Bapak Karyo, Pengerajin Telempe atau Sesek yang masih bertahan dari Desa Randupitu
Pak Karyo, seorang warga dari Dusun Randupitu Rt. 01 Rw. 04 telah menorehkan namanya sebagai pengerajin telempe dan sesek yang ulung di wilayahnya. Dengan dedikasi yang telah menghampiri puluhan tahun, Pak Karyo telah menjadi satu-satunya pengerajin telempe di Desa Randupitu, Kecamatan Gempol, Kabupaten Pasuruan.
“Sudah semenjak masa muda, saya telah mengabdikan dirinya sepenuhnya pada seni pengerjaan telempe dan sesek. “Membuat Telempe atau Sesek ini adalah pekerjaan utama saya. Saya menggelutinya semenjak masih muda hingga sekarang, Kemampuan dalam membuat telempe didapat secara otodidak namun saya memang banyak melihat bapak dan kakek saya membuat sesek” ujar Bapak yang memiliki tiga orang anak ini.
Telempe dan sesek yang diproduksi oleh Pak Karyo memiliki kegunaan yang beragam.

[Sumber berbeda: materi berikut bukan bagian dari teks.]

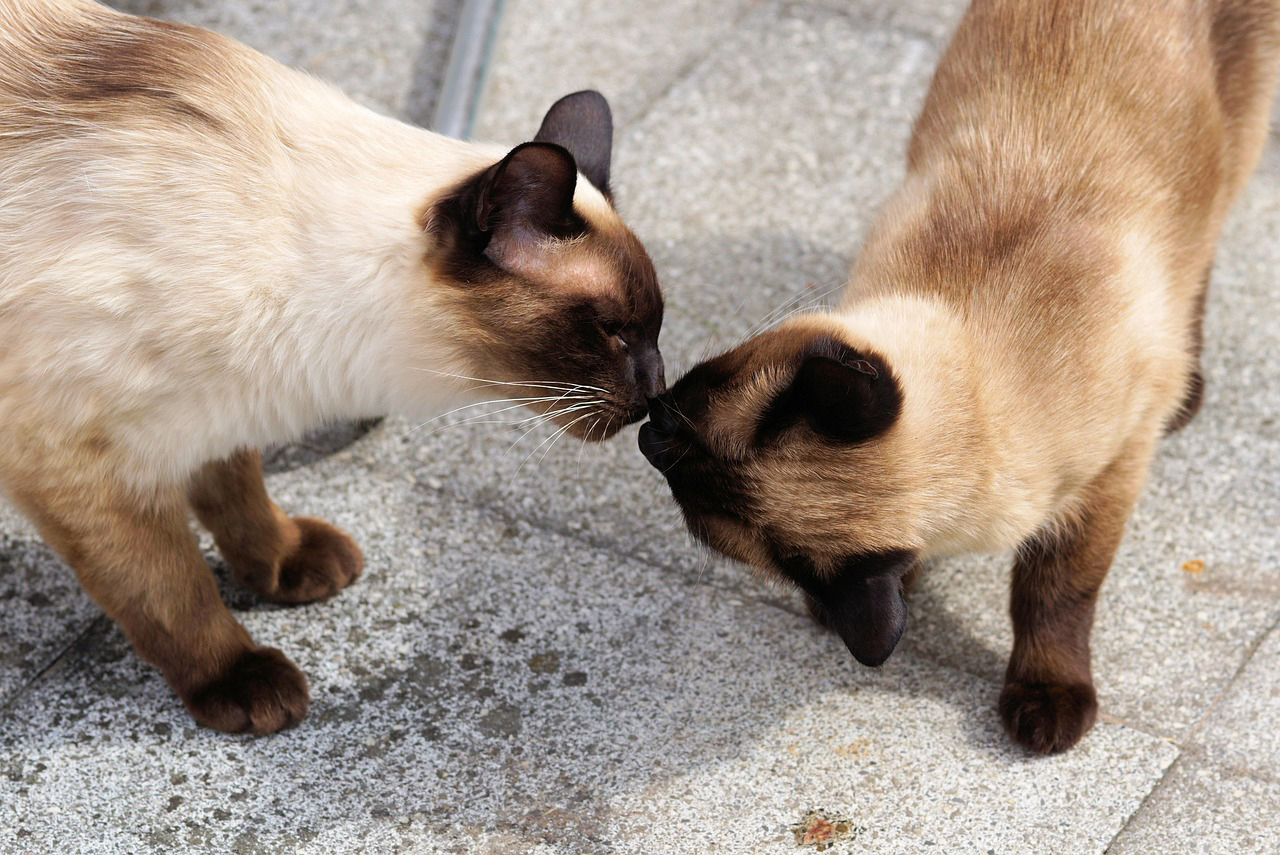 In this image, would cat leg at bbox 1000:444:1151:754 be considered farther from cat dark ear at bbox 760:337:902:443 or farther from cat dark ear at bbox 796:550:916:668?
cat dark ear at bbox 760:337:902:443

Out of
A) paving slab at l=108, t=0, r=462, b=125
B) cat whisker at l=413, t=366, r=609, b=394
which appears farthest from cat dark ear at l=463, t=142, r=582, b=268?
paving slab at l=108, t=0, r=462, b=125

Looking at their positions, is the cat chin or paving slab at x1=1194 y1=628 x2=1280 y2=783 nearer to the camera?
the cat chin

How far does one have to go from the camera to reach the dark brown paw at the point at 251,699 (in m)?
2.70

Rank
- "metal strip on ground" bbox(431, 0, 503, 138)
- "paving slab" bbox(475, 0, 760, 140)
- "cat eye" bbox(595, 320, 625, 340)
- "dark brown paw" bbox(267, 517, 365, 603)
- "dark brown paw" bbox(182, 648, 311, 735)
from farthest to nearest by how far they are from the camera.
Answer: "paving slab" bbox(475, 0, 760, 140), "metal strip on ground" bbox(431, 0, 503, 138), "dark brown paw" bbox(267, 517, 365, 603), "dark brown paw" bbox(182, 648, 311, 735), "cat eye" bbox(595, 320, 625, 340)

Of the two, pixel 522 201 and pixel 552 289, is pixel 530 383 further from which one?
pixel 522 201

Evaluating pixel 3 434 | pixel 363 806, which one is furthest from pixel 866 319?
pixel 3 434

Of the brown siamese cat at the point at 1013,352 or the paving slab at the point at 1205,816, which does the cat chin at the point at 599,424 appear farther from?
the paving slab at the point at 1205,816

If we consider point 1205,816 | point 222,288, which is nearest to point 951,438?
point 1205,816

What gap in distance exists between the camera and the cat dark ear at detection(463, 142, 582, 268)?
7.64ft

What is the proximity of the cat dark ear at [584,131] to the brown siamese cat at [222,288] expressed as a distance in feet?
0.06

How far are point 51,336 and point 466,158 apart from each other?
87cm

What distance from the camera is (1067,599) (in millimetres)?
2859

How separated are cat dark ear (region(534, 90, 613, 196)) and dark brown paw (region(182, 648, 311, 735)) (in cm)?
127

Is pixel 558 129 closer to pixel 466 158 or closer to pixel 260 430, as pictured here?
pixel 466 158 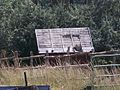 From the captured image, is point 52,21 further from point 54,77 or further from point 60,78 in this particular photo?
point 60,78

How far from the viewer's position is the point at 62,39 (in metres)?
25.2

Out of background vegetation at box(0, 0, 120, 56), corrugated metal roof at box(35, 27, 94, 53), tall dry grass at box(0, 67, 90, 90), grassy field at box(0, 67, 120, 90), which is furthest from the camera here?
background vegetation at box(0, 0, 120, 56)

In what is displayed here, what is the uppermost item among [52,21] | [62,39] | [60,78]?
[52,21]

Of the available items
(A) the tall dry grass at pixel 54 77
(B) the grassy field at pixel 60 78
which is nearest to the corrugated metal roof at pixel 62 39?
(B) the grassy field at pixel 60 78

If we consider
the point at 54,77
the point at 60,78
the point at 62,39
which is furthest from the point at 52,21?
the point at 60,78

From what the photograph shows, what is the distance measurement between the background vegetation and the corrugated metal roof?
1124 mm

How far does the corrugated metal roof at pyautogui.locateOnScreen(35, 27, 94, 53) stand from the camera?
2436 cm

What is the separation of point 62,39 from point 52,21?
2354mm

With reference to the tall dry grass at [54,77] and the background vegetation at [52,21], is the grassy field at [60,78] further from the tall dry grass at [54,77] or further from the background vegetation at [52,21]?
the background vegetation at [52,21]

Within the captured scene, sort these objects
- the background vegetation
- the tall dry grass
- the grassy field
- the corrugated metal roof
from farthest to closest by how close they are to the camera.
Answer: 1. the background vegetation
2. the corrugated metal roof
3. the tall dry grass
4. the grassy field

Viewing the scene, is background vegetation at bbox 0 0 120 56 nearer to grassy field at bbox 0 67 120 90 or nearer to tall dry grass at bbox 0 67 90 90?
grassy field at bbox 0 67 120 90

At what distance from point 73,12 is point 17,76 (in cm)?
1317

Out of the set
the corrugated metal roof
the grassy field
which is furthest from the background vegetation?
the grassy field

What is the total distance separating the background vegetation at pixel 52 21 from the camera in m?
26.2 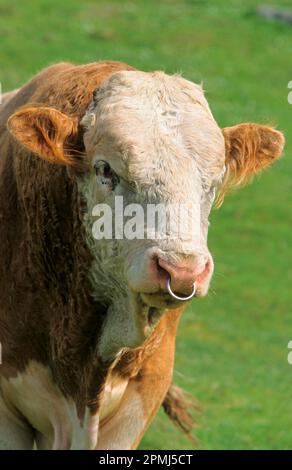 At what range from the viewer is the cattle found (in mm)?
6070

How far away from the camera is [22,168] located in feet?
23.4

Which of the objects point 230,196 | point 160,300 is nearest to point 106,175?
point 160,300

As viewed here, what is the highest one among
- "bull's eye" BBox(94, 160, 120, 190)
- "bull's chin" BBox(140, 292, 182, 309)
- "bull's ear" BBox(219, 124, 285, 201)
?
"bull's ear" BBox(219, 124, 285, 201)

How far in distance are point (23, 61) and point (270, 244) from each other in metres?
10.8

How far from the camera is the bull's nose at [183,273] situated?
5.73 metres

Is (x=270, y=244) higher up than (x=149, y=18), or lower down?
lower down

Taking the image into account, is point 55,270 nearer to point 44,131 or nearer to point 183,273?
point 44,131

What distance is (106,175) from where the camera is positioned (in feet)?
20.9

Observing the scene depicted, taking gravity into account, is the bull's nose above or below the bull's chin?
above

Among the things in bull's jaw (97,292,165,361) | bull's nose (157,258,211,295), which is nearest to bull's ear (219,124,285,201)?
bull's jaw (97,292,165,361)

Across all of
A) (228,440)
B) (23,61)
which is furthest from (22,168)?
(23,61)

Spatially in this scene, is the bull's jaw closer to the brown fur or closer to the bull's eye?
the brown fur

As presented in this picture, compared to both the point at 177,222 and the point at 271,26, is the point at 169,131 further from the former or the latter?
the point at 271,26

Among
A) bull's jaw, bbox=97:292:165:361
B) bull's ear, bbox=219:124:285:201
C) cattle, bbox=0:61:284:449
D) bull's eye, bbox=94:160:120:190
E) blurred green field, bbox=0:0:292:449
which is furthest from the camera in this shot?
blurred green field, bbox=0:0:292:449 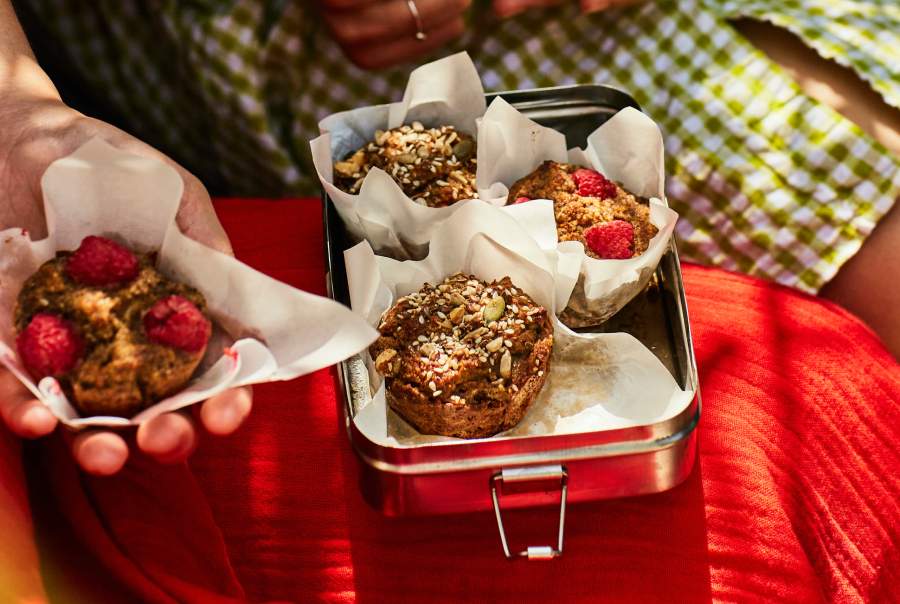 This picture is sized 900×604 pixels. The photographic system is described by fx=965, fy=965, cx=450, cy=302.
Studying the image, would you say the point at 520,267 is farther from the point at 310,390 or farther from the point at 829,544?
the point at 829,544

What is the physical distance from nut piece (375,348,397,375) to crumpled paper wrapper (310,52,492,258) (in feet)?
0.73

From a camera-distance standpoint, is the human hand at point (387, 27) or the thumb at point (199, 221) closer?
the thumb at point (199, 221)

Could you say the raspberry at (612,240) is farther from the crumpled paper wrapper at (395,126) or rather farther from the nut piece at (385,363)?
the nut piece at (385,363)

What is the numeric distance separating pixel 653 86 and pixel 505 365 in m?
0.85

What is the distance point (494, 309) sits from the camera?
1.20 m

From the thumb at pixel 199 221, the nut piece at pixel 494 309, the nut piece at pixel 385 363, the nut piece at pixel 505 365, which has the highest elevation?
the thumb at pixel 199 221

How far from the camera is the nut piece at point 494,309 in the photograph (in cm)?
120

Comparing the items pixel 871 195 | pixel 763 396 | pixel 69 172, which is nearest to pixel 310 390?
pixel 69 172

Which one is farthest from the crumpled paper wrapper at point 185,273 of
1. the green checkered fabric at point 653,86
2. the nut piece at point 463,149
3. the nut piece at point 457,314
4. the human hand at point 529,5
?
the human hand at point 529,5

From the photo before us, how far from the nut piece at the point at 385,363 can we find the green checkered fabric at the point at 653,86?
712 millimetres

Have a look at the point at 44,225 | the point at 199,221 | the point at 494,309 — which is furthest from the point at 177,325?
the point at 494,309

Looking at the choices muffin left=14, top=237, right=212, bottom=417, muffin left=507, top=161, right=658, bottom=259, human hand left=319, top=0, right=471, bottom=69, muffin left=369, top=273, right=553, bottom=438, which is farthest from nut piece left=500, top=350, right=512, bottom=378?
human hand left=319, top=0, right=471, bottom=69

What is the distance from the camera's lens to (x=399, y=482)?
1097 millimetres

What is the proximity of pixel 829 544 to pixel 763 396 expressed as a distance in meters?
0.22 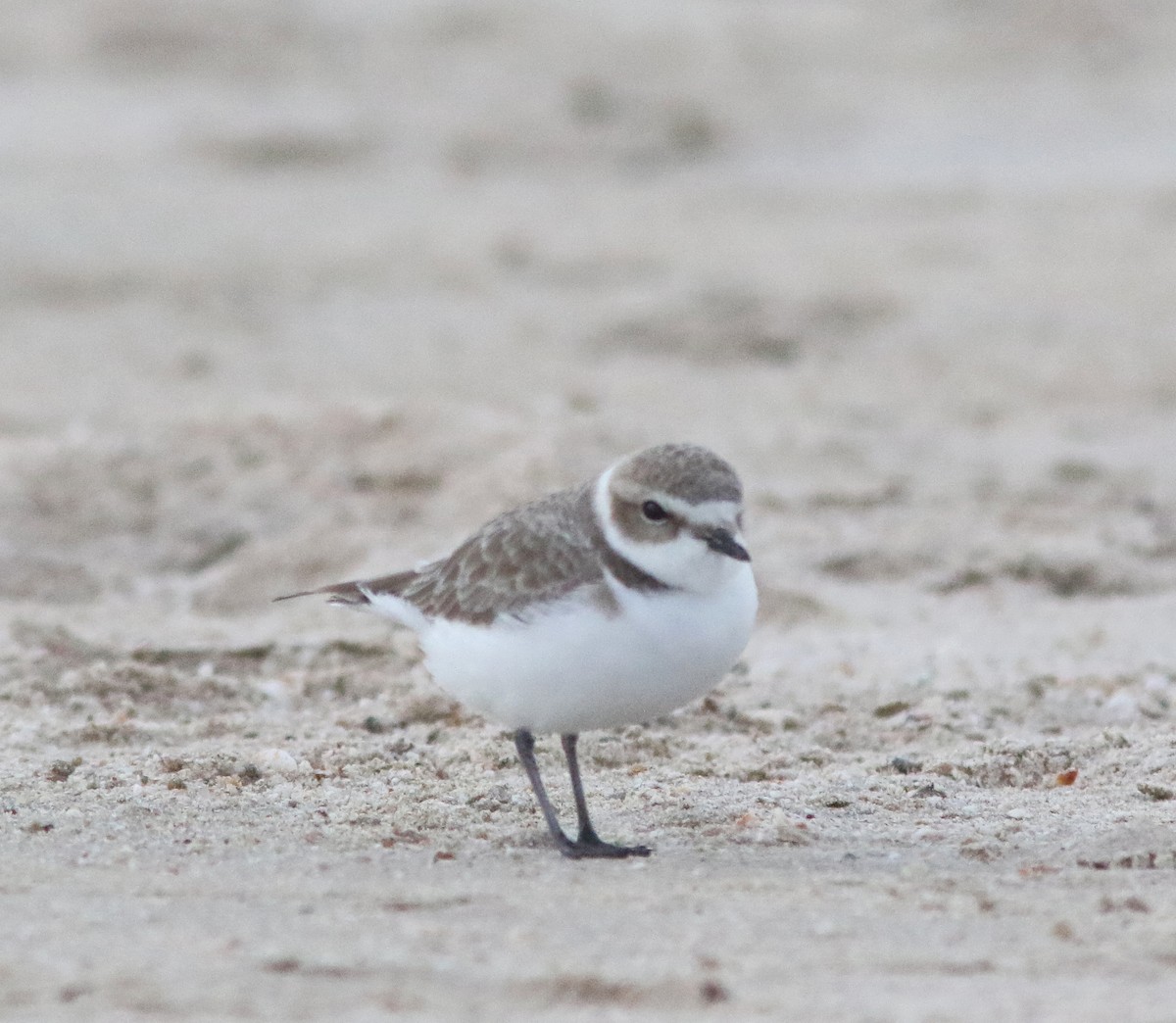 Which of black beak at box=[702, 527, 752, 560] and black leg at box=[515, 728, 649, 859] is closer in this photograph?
black beak at box=[702, 527, 752, 560]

Dari digunakan sebagai plafon ruangan, hingga elemen dekoratif untuk rumah-rumah tradisional seperti joglo atau gubuk lesehan, serta dapat dipakai untuk pintu dan jendela rumah. Dengan harga yang terjangkau, satu telempe atau sesek per meternya dihargai Rp. 50.000,- untuk motif polos, sedangkan untuk motif batik, kotak-kotak, dan sejenisnya, dibandrol dengan harga Rp. 100.000,- per meternya.